As Associate Director (Partnerships) at the Coady International Institute (2009 - 2019), she was responsible for the strategic development of equitable partnerships, program planning and educational design. This involved collaboration across a spectrum of partners and program funders; support to Youth programming and Monitoring Evaluation and Learning (MEL); as well as research, design & adult education. With a capacity-building focus on leadership for collaboration and community engagement, Shelagh designed and facilitated a range of educational courses on Re-thinking Partnership, as well as taught within Coady’s unique Asset-based, Citizen-led Development (ABCD) programs.
This was preceded by 25 years of international cooperation with communities across the globe, including innovative international programming (Country Director, WUSC Sri Lanka), Volunteer Cooperation (Executive Director, VSO Canada), Peace-building (Deputy Director, PRET Sri Lanka) and numerous international management positions related to Youth leadership.
Committed to supporting coalition building and collaboration in order to influence positive change, Shelagh has partnered with universities and civil society organizations in South Asia, South East Asia, Sub-Saharan Africa and the Caribbean; as well as with governments and UN agencies such as ILO, UNOCHA and UNICEF.
She has also been an active volunteer in Canadian networks through local community organizations and national board memberships.

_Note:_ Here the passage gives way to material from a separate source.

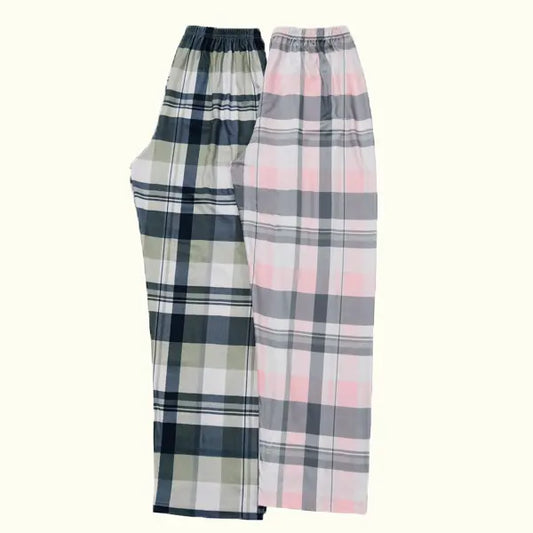 Women’s 2-Piece Checkered Knitting Pajama Set - Soft Lightweight Fabric, Elastic Waistband, Relaxed Fit Nightwear Loungewear, Multi-Size Casual Sleepwear Bottoms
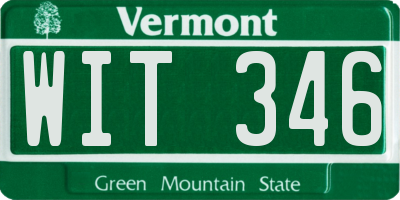 VT license plate WIT346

Recent involvement includes the Board of the Canadian Council for International Cooperation (CCIC); the Advisory working group for Community Knowledge Exchange (CKX); the Global Affairs Canada Advisory group on civil society partnership and the steering committee for the Next-Generation Leadership: New Models for Canadian Collaboration (Academics/Practitioners).
In addition to being Chair of the Royal Roads University School of Education and Technology (SET) Advisory Council, Shelagh is currently Treasurer of the board of the Atlantic Council for International Cooperation.
As a practitioner, her research, conference presentations and publications include work on Equitable & Multi-stakeholder Partnerships, Facilitating Transformative Leadership Learning as well as Community Participation and Conflict Management.